### Task details
Where in the data below does the word "Casual" appear? Copy each line that holds it.

### Listed records
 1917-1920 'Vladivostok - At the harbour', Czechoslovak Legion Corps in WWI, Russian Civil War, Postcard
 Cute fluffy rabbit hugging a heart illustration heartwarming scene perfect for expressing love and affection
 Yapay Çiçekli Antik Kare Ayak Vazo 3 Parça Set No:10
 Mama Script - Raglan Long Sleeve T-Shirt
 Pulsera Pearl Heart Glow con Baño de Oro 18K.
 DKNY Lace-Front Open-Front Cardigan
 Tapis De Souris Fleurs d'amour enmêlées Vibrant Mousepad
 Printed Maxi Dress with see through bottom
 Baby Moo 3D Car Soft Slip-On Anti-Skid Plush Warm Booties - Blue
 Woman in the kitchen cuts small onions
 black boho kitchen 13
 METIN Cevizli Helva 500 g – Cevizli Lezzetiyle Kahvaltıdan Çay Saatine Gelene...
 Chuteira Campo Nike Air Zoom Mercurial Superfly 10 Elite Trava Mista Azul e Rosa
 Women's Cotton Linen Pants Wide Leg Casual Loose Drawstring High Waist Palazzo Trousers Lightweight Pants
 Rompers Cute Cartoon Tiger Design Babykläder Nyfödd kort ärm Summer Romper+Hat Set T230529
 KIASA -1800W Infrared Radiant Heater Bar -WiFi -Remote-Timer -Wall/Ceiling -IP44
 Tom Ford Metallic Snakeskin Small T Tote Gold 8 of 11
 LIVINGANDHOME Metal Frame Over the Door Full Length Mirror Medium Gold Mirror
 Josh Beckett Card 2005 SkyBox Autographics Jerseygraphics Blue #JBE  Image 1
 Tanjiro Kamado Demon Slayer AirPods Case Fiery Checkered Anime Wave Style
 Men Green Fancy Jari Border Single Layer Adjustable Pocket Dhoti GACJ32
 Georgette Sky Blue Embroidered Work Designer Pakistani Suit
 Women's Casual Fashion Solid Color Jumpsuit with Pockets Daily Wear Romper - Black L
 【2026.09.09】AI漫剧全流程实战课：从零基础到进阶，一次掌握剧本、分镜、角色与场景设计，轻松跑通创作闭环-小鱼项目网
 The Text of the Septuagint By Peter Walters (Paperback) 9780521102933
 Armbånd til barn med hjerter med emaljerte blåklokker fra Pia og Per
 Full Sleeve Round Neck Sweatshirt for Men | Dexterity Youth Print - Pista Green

### Answer to this problem
 Women's Cotton Linen Pants Wide Leg Casual Loose Drawstring High Waist Palazzo Trousers Lightweight Pants
 Women's Casual Fashion Solid Color Jumpsuit with Pockets Daily Wear Romper - Black L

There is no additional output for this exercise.